TASK REQUIREMENTS »
Please return every line of the material verbatim and skip any images.

____

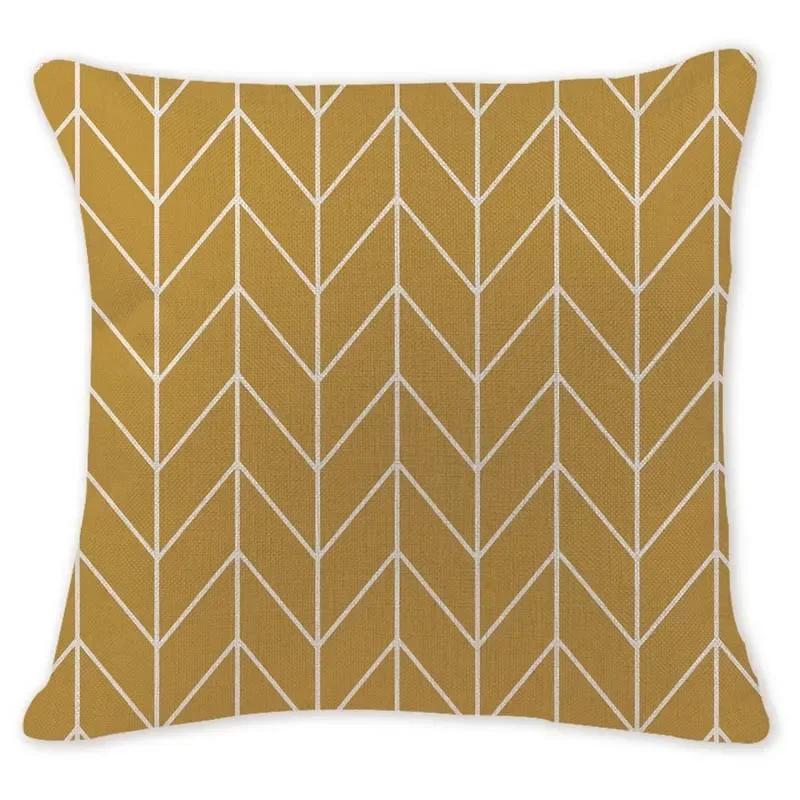 Retro Ethnic Geometry Decorative Cushion Cover Cotton Linen Textile Printed Throw Pillowcase for Car Sofa Bed Home Decor 45X45CM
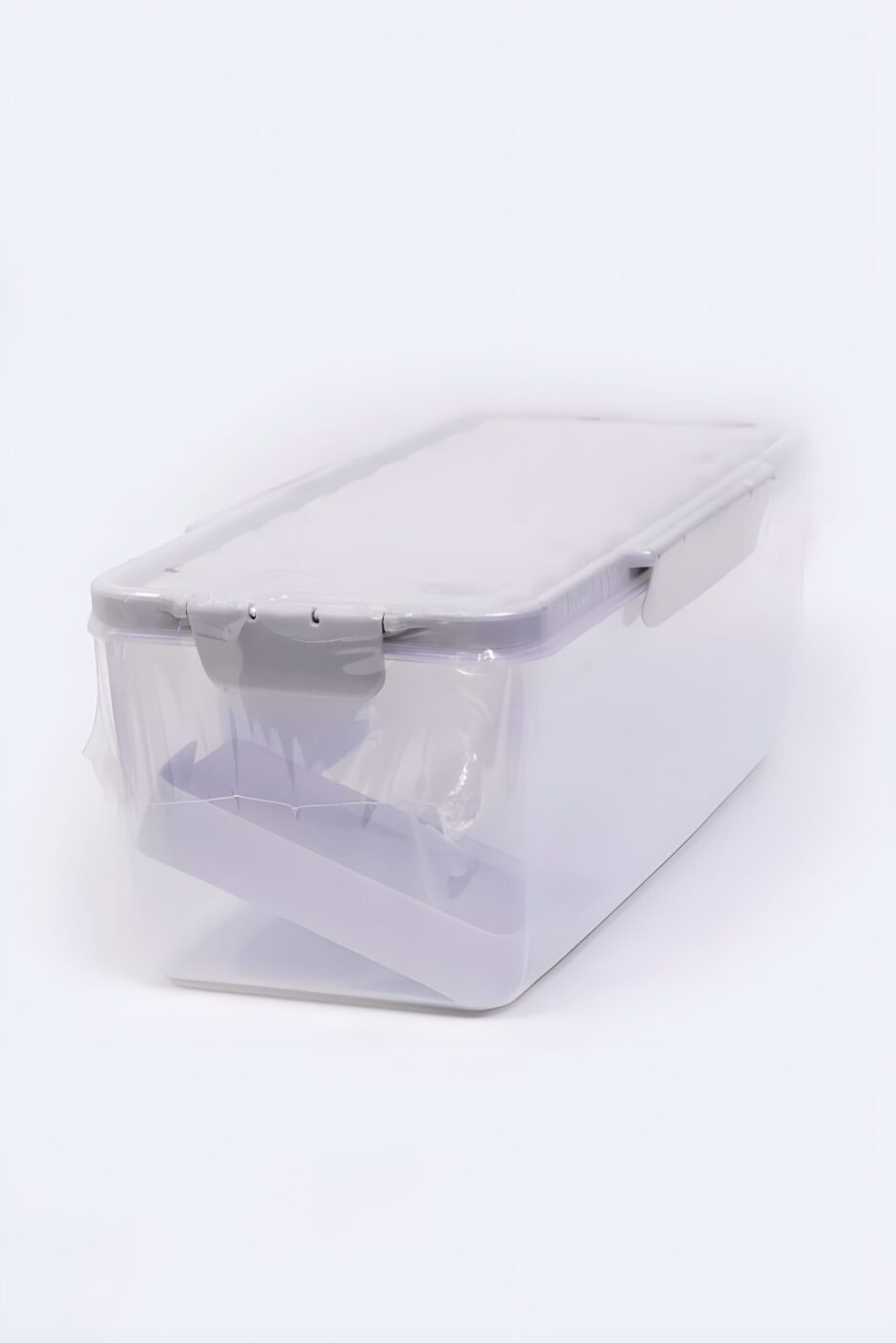 Bread Container Box- Red Storage Bin Loaf Bread Holder,Plastic Boxes for Bread Keeper, Cake Storage Saver,Kitchen Counter Airtight Bread Storage Containers Freezer Containers For Bread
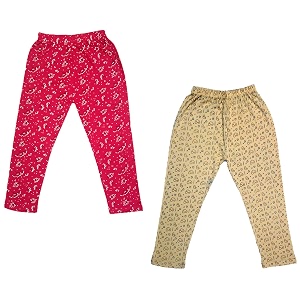 indi weaves girls super soft cotton solid capri pants pack of 2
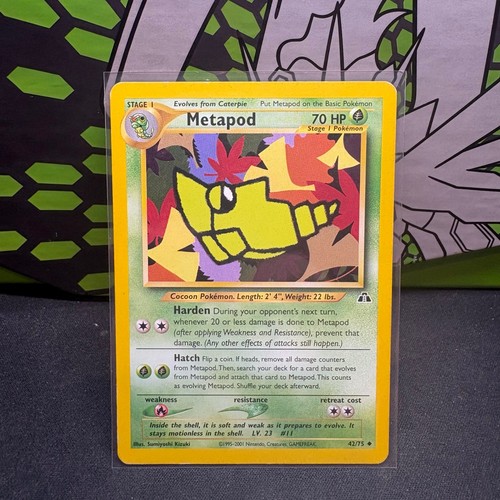 Metapod unlimited uncommon neo - uncommon,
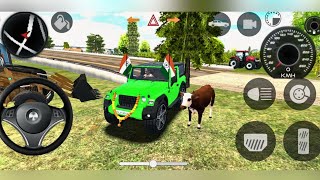 Dollar (Song) Modified Mahindra Green Thar Offroad Gameplay In Village Indian Cars Simulator 3D 😈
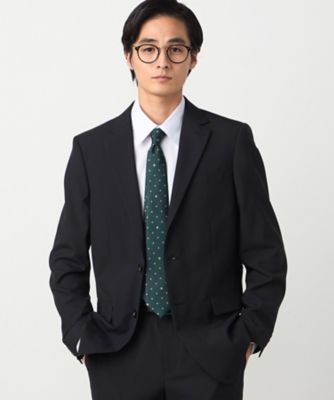 セットアップ対応】ポリエステル ウール トロピカル ジャケット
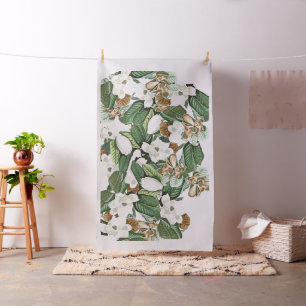 A magnólia do sul floresce o tecido floral das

____

ANSWER SECTION »
 Retro Ethnic Geometry Decorative Cushion Cover Cotton Linen Textile Printed Throw Pillowcase for Car Sofa Bed Home Decor 45X45CM
 Bread Container Box- Red Storage Bin Loaf Bread Holder,Plastic Boxes for Bread Keeper, Cake Storage Saver,Kitchen Counter Airtight Bread Storage Containers Freezer Containers For Bread
 indi weaves girls super soft cotton solid capri pants pack of 2
 Metapod unlimited uncommon neo - uncommon,
 Dollar (Song) Modified Mahindra Green Thar Offroad Gameplay In Village Indian Cars Simulator 3D 😈
 セットアップ対応】ポリエステル ウール トロピカル ジャケット
 A magnólia do sul floresce o tecido floral das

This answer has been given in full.